The Guardian U.S. has begun its 30% staff cuts in order to break even by 2017-18.
Eamonn Store, CEO of The Guardian U.S., said in a meeting with newsroom staff the company needs to make up for a revenue shortfall of $4.4 million over the next six months, Politico reports.
Due to low ad sales and revenue projections, “a longtime administrative staffer” was let go, as well as around half a dozen staffers in facilities, IT and accounting, according to Politico’s Morning Media.
For now, the company’s editorial staff will be offered buyouts. A round of layoffs will take place afterwards.
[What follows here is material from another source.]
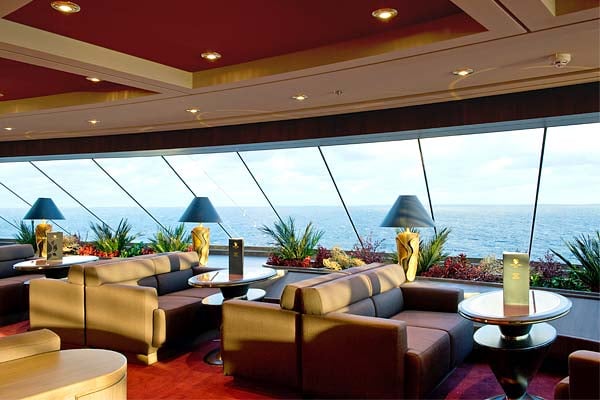 Yacht_Club_Lounge.jpg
A source told Morning Media that The Guardian U.S. plans to cut about 50 jobs from the 150-person organization. This news is surprising, given the company just appointed two deputy editors, Jane Spencer and David Taylor, to lead digital strategy and news operations in August.
The U.S. branch, which launched in 2011, is part of The Guardian’s aggressive global expansion strategy. In 2014, The Guardian U.S. won a Pulitzer for breaking Edward Snowden's leaks about NSA surveillance.
Earlier this month, former editor-in-chief of The Guardian in the U.K. Alan Rusbridger said the publication’s predictions for ad revenues last year never materialized "because it all went to Facebook."Rusbridger said Facebook sucked up nearly $27m of The Guardian's digital advertising revenue last year.
In January, The Guardian announced it would slash costs by around 20% in order to “safeguard” the newspaper’s future. It plans to cut £52 million from its annual operating expenses of £268 million, or about $74 million from a total $382 million.
And in July, the company said it would cut its weekly media coverage in print from two pages to one.